The idea of a tooth worm is a hypothesis of the cause of dental caries, periodontitis and toothaches. Once widespread, the belief is now obsolete, having been superseded by more scientific rationales. It was supposed that the disease was caused by small worms resident within the tooth, eating it away.

==History==
The origins of the belief are wrapped in obscurity. A prominent early mention, a Babylonian cuneiform tablet titled "The Legend of the Worm" (sometimes erroneously dated to Sumerian times), recounts how the tooth worm drinks the blood and eats the roots of the teeth – causing caries and periodontitis:

"After Anu [had created heaven],
Heaven had created [the earth],
The earth had created the rivers,
The rivers had created the canals,
The canals had created the marsh,
(And) the marsh had created the worm—
The worm went, weeping, before Shamash, his tears flowing before Ea: "What wilt thou give for my food? What wilt thou give me for my sucking?"
"I shall give thee the ripe fig, (and) the apricot."
"Of what use are they to me, the ripe fig and the apricot? Lift me up and among the teeth and the gums cause me to dwell! The blood of the tooth I will suck, and of the gum I will gnaw its roots!"Accounts are also found in the Central American legends of Popol Vuh. The belief persisted into the 18th century, only being disproven by the microscopical endeavors of M. Pierre Fauchard. Modern veterinary practice shows that when removed intact, the necrotic or partially necrotic tooth pulp can have an appearance like that of a worm.
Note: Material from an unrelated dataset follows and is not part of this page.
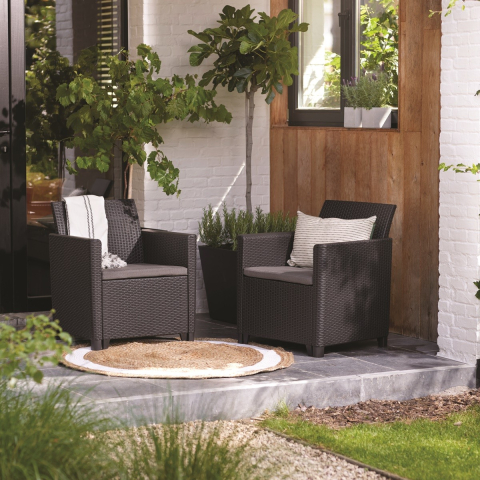 Casa si gradina - Set mobilier pentru exterior material polipropilena Keter colectie Claire pentru gradina 2 fotolii culoare graphite perne impermeabile rezistent la raze UV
Sinhalese Charm for toothache:
Ira deyené asyā!
Sanda deyené aeyā!
Passé Buduné acyā!
Daté nositoo dat aeyā!

Worm of the sun-god!
Worm of the moon god!
Worm of the Passé Buddha!
Stay not in the tooth, thou tooth-worm!

== Evidence ==
A 2009 study by the University of Maryland Baltimore using micro imaging revealed worm-like structures within a dissected molar, though not worms or caused by worms. It is unclear what these structures are or what caused them.